# [Assignment]
What you produce should be the lines from the line containing "九成人认为&ldquo;中国式过马路&rdquo;源于规则意识缺失" through the last line below, both ends included, reproduced exactly and without pictures.

=== Record extracts ===

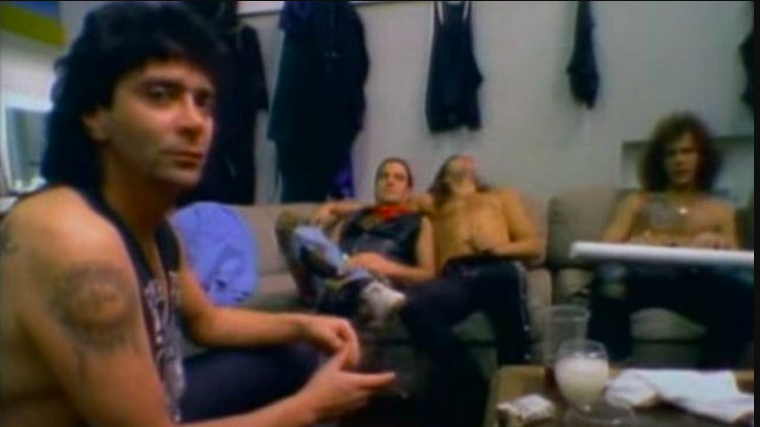 Κάπως ανυπομονούμε για τη σειρά ντοκιμαντέρ των Bon Jovi στο Disney+ - εικόνα 1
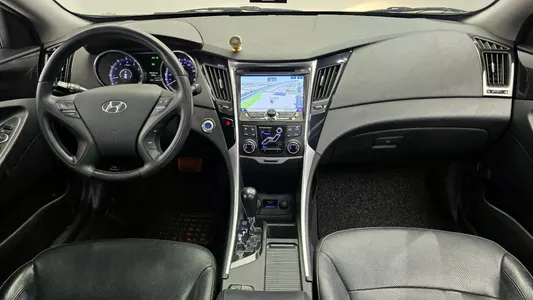 Hyundai YF Y20 2010 7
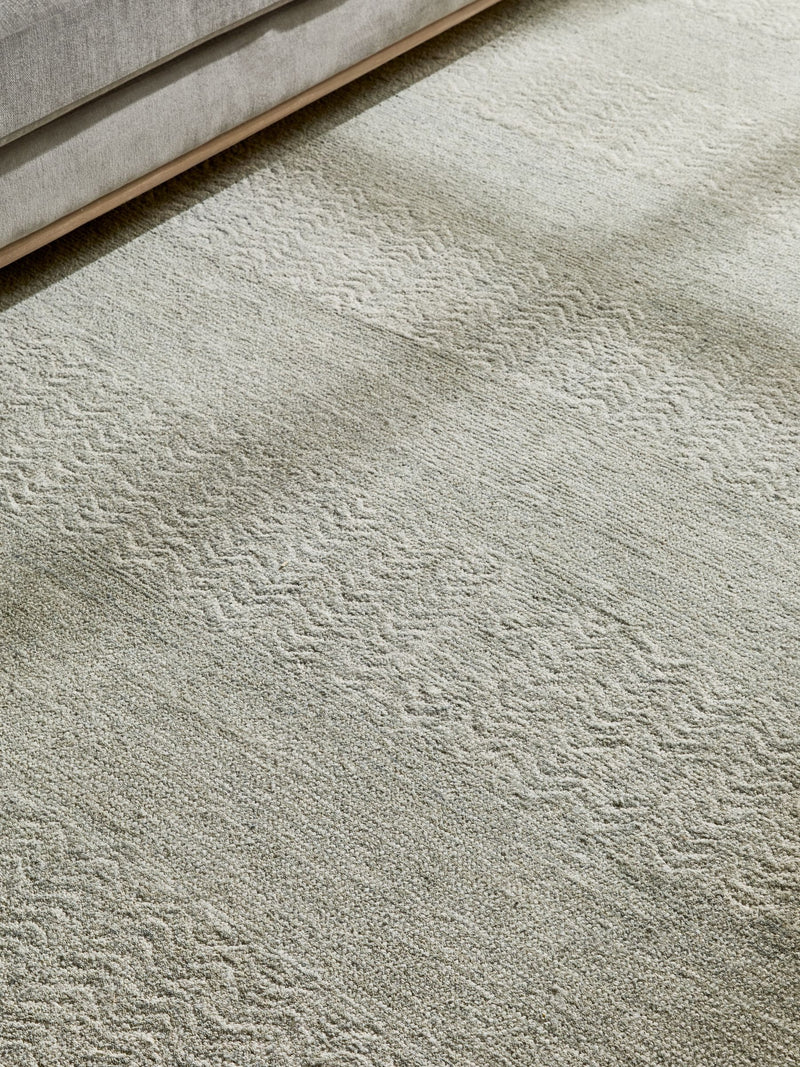 Sage green 100% wool rug distressed pattern - British product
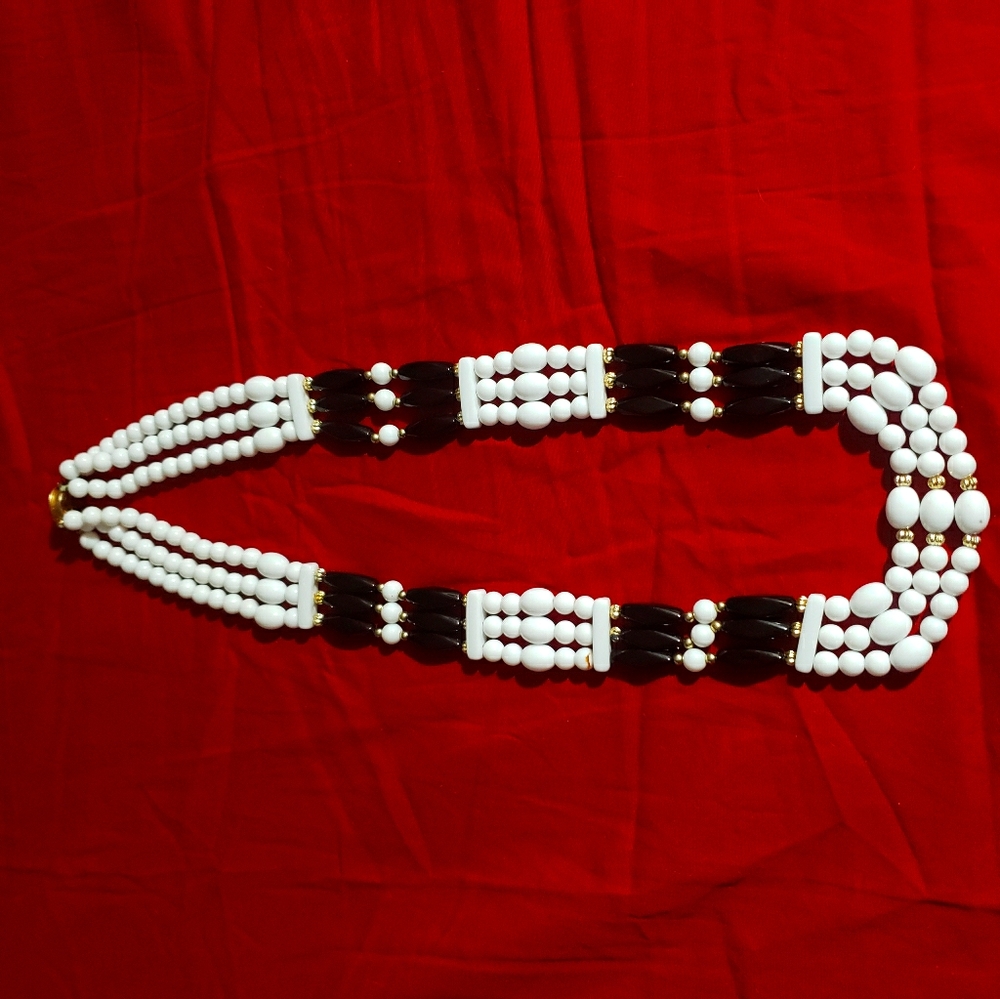 Jewelry-Long necklace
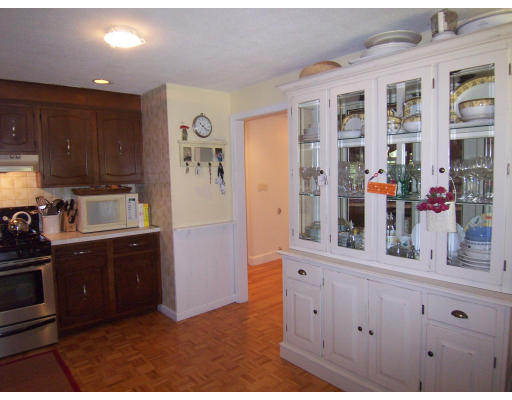 49 Mountain Road Burlington, MA 01803 - Photo 6 of 17 Gallery Image 6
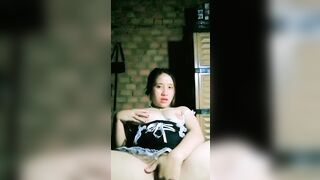 hầu gái thủ dâm cho anh xem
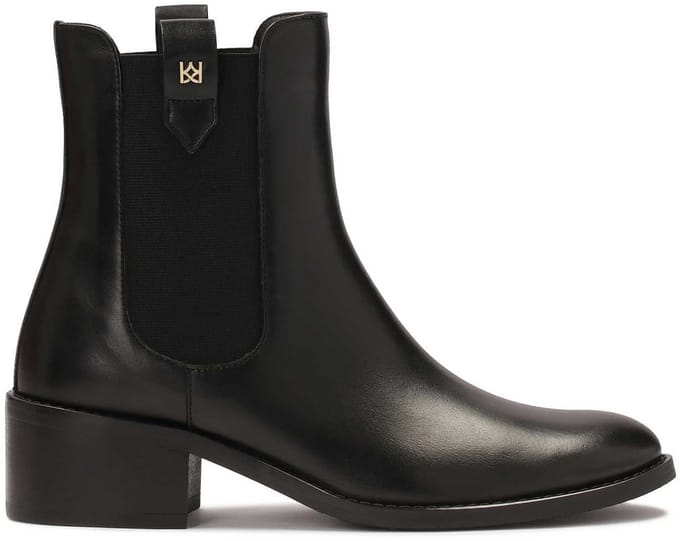 Slip-on black Chelsea boots with elastics and loops
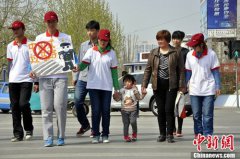 九成人认为&ldquo;中国式过马路&rdquo;源于规则意识缺失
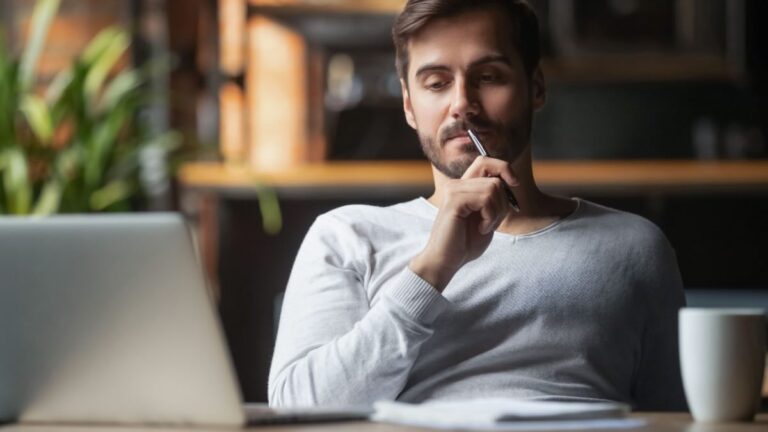 «  Lac de connaissances '' alimentant le stress sur les finances des travailleurs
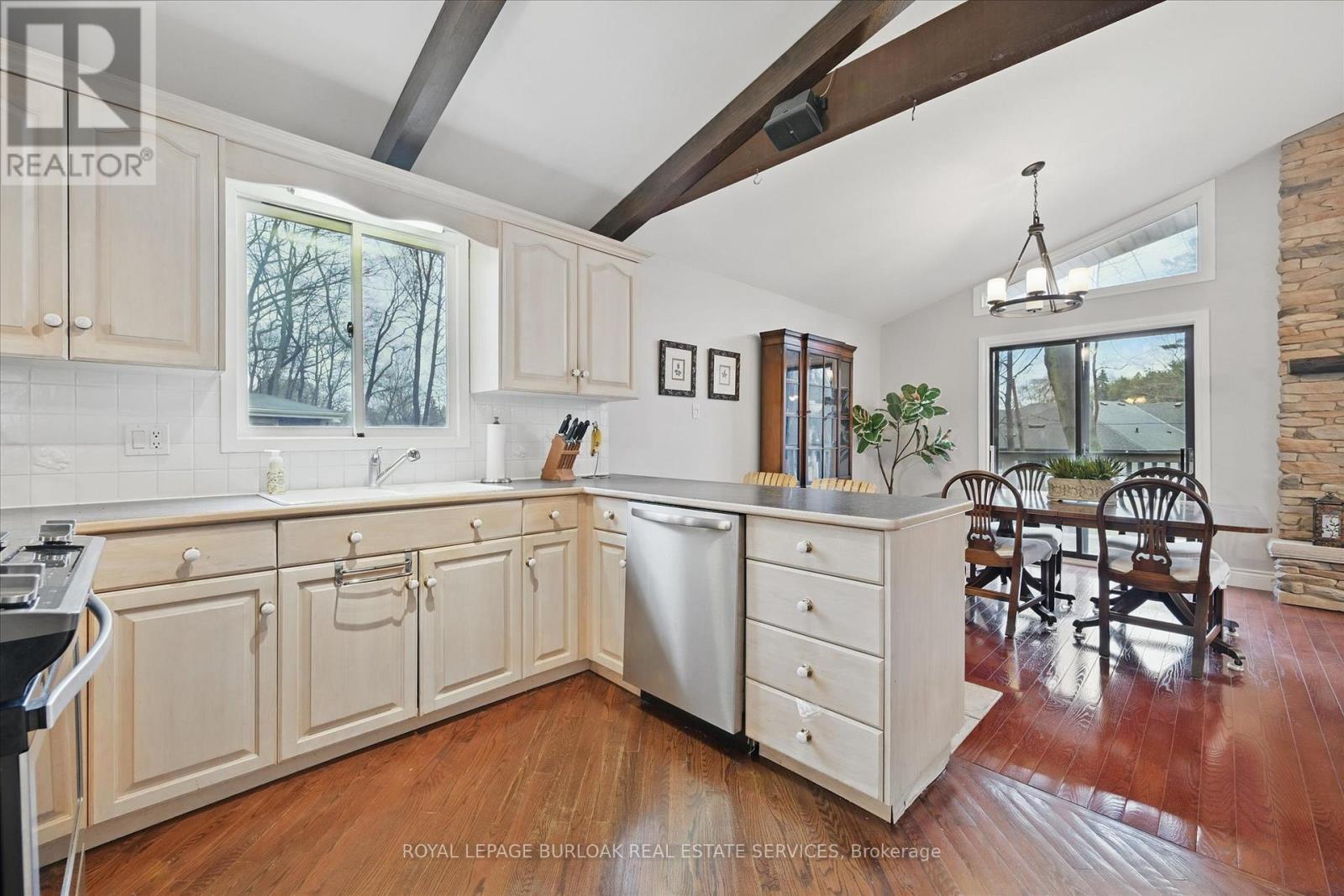 768 King Road, Burlington, ON - Indoor Photo Showing Kitchen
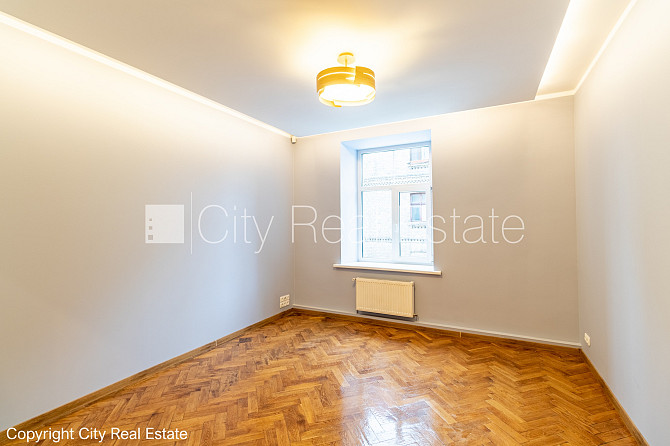 Fasādes māja, slēgts pagalms, ieeja no ielas, ieeja no pagalma, kāpņu telpa pēc kosmētiskā Rīga - foto 10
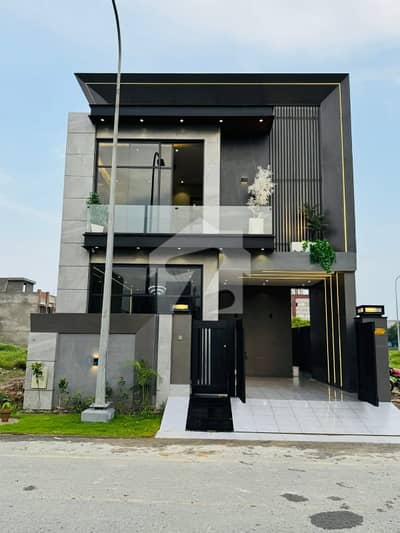 5 MARLA BRAND NEW UNIQUE & STYLISH HOUSE FOR SALE IN DHA 9 TOWN LAHORE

===

# [Solution to this problem]
 九成人认为&ldquo;中国式过马路&rdquo;源于规则意识缺失
 «  Lac de connaissances '' alimentant le stress sur les finances des travailleurs
 768 King Road, Burlington, ON - Indoor Photo Showing Kitchen
 Fasādes māja, slēgts pagalms, ieeja no ielas, ieeja no pagalma, kāpņu telpa pēc kosmētiskā Rīga - foto 10
 5 MARLA BRAND NEW UNIQUE & STYLISH HOUSE FOR SALE IN DHA 9 TOWN LAHORE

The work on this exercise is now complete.